I'm sorry for the bad title.
The previuos and following audio files were extracted from two different video files with ffmpeg -i input -map 0:a output.

This is my timeline (25fps) with bad, good and synced audio (ogg)
The delay from bad and good, zooming, is 3 frames so ~0.12s, the computed offset is ~0.88s. The synced track is out of sync to good.

This is the timeline with wav files.
I tried extracting wav audio instead of ogg from video files and it works: the first track is bad.wav and now the offset from good is 22frames ~0.88s and the output track is in sync with good.

This is probably due to some bug in sox: for some reason it loses silence in the beginning after re-encoding shifted decompressed audio back to ogg/vorbis. Which sox version you're using?

Strangely I wasn't able to reproduce it even with .ogg extension as output.

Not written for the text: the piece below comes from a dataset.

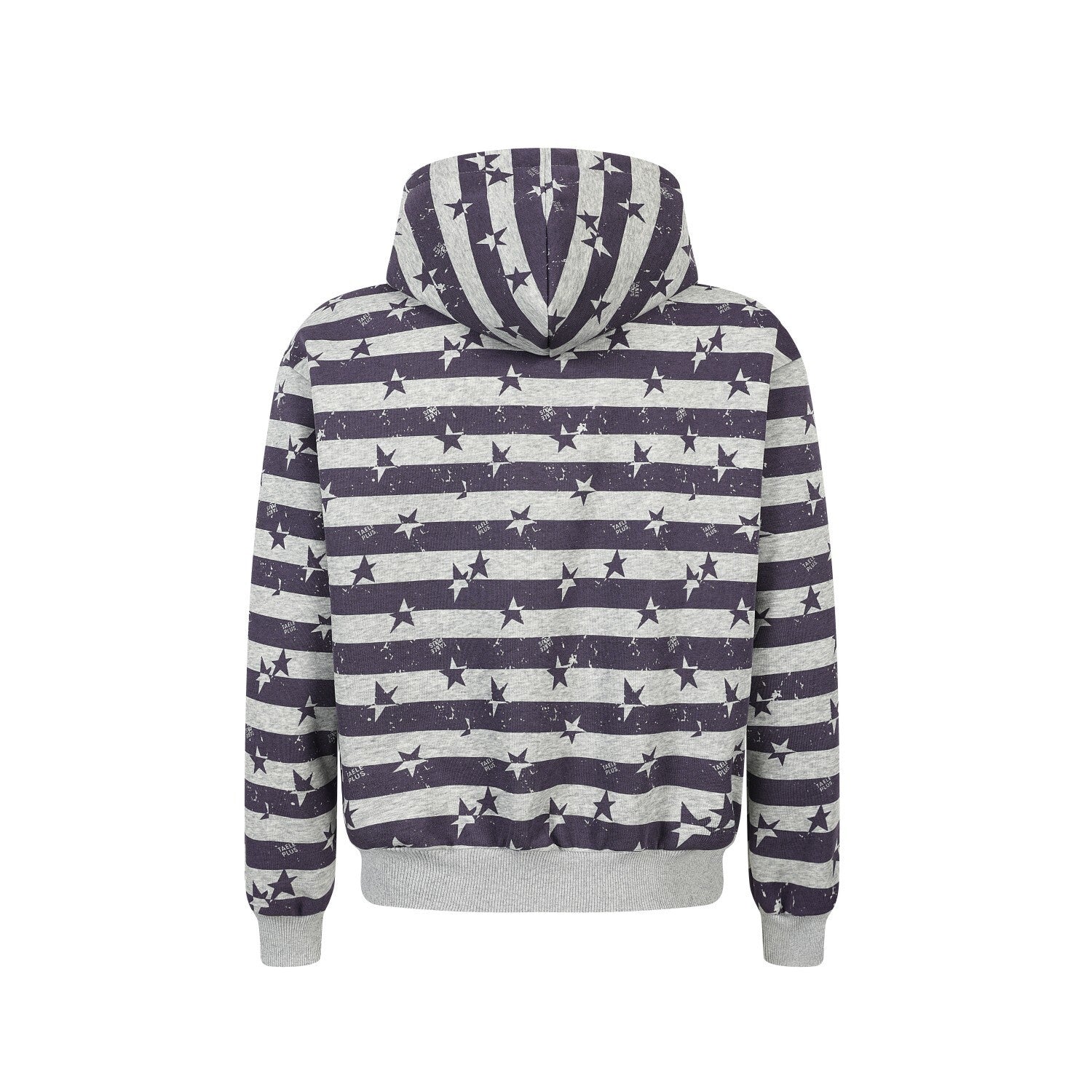 Stars & Stripes Zip-Up Graphic Hoodie | Vintage Streetwear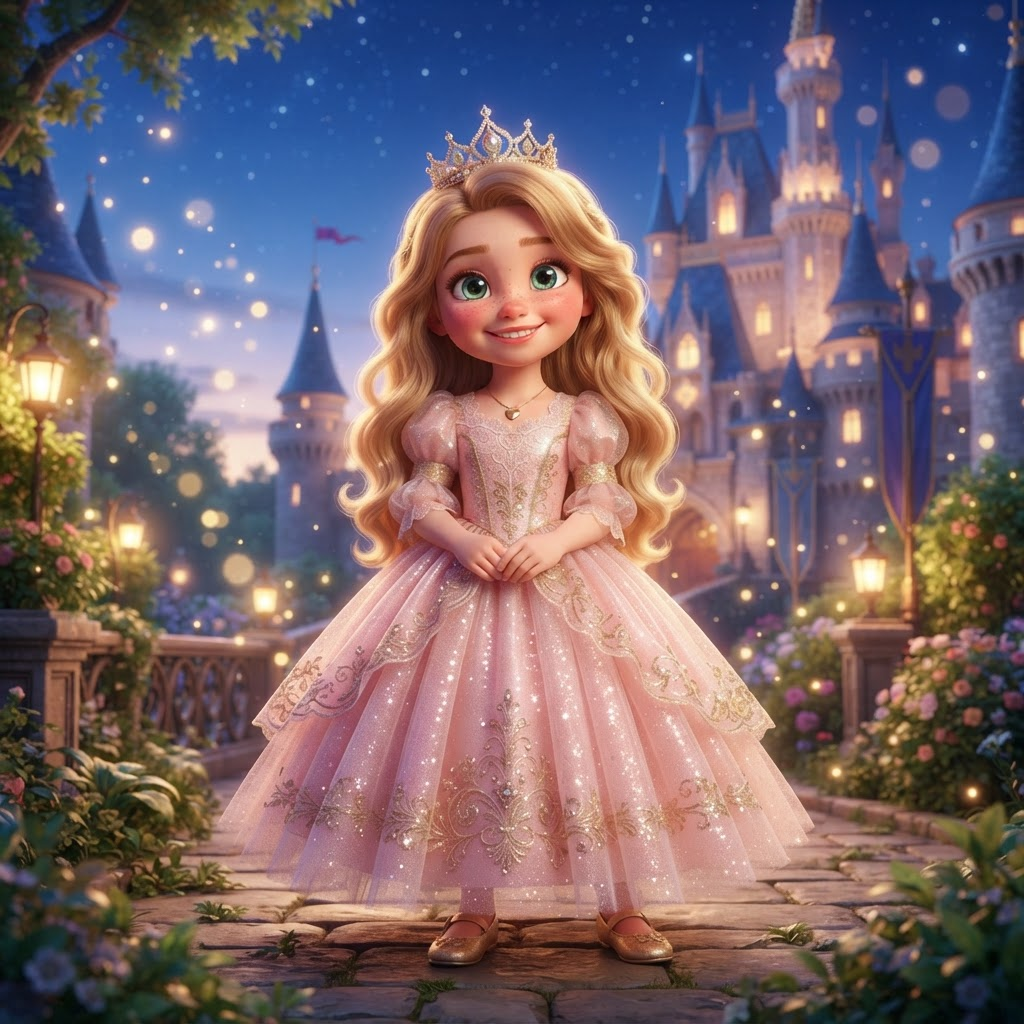 Illustration of Princess Gracie, The Kind-Hearted Royal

I have sox 14.4.2.

Anyway I recommend to always use .wav at least for good input and synced output, and then re-encode to whatever format you'd like, using something that was designed specifically for re-encoding, like ffmpeg (if you need re-encoding at all).

ok, thanks.
I'm using sox 14.4.2.
I'll use wav and then re-encode the audio.

Closing as hopefully it resolves the issue. Feel free to reopen if it doesn't.

The problem was probably another: I noticed the extracted audio from the video with ffmpeg was itself out of sync. In video's metadata there is duration and also start_duration which was ~0.99 and so the offsett resulted ~0.888.
I fixed extracting the audio, getting start_duration with ffprobe and using sox pad to add silence, so the audio was in sync with the video. Then I used your code and the offset was ~0.12, which is what I was seeing in kdenlive.